En effet, un véritable drame pour ces nombreux employés qui ont perdu tant d’années de service. La plupart d’entre eux seront déployés dans d’autres secteurs et d’autres seront formés dans d’autres domaines. Néanmoins, la situation aurait été différente si le Portable Retirement Gratuity Fund comme demandé par la CTSP avait été mis en place. On espère avoir une réponse favorable de la part du ministre du Travail, Soodesh Callichurn, après la réunion du comité ministériel le 6 mars prochain.
La CTSP annonce son entrée dans l’arène politique. À quoi peut-on s’attendre de ce « move » ?
La CTSP a tout le temps mené des campagnes électorales sans pour autant aligner de candidats. Cela dans le but d’éduquer la population et de la mettre en garde contre la bipolarité politique. C’est-à-dire se tourner uniquement vers deux partis politiques à chaque élection. Aussi, nous voulons éduquer la population sur leurs droits. Nous demandons ainsi au gouvernement de prendre des décisions qui seront en faveur des travailleurs et d’apporter des amendements aux lois du travail pour garantir la sécurité des employés. Au cas contraire, il saura à qu’à quoi s’en tenir. Les élections de 2014 est une preuve que la classe ouvrière peut faire entendre sa voix.

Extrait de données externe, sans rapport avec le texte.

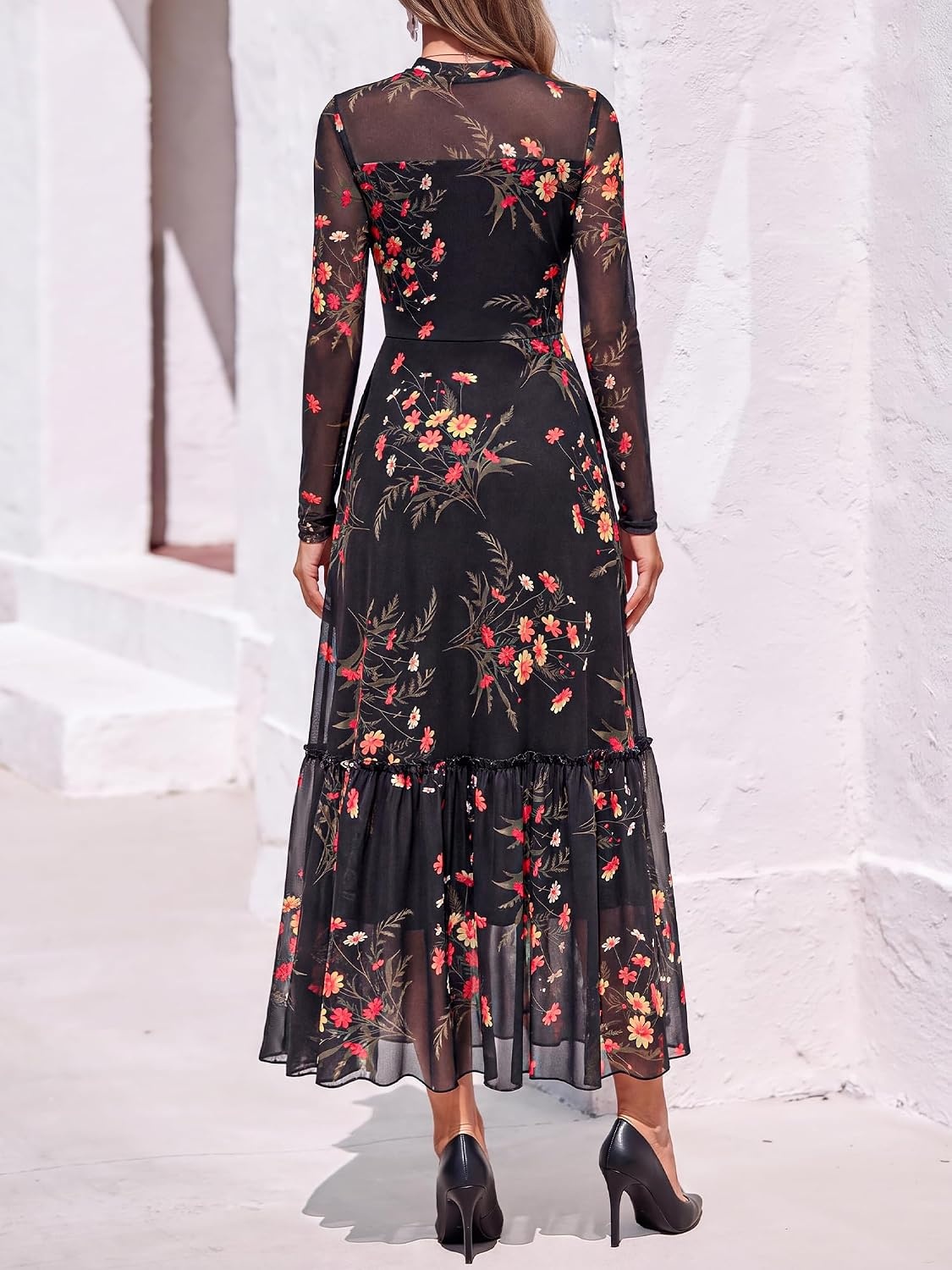 image:imageBTFBM Boho Mesh Long Sleeve Dress for WomenFloral Black Yellow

C’est une menace de la part de la CTSP ?
Appelez cela comme vous le voulez, mais nous à la CTSP, nous allons mener campagne pour faire valoir leurs droits aux travailleurs. En 2014, la classe des travailleurs a donné une leçon à l’ancien régime. Nous demandons au gouvernement présent de venir avec des lois pour rendre la justice aux travailleurs.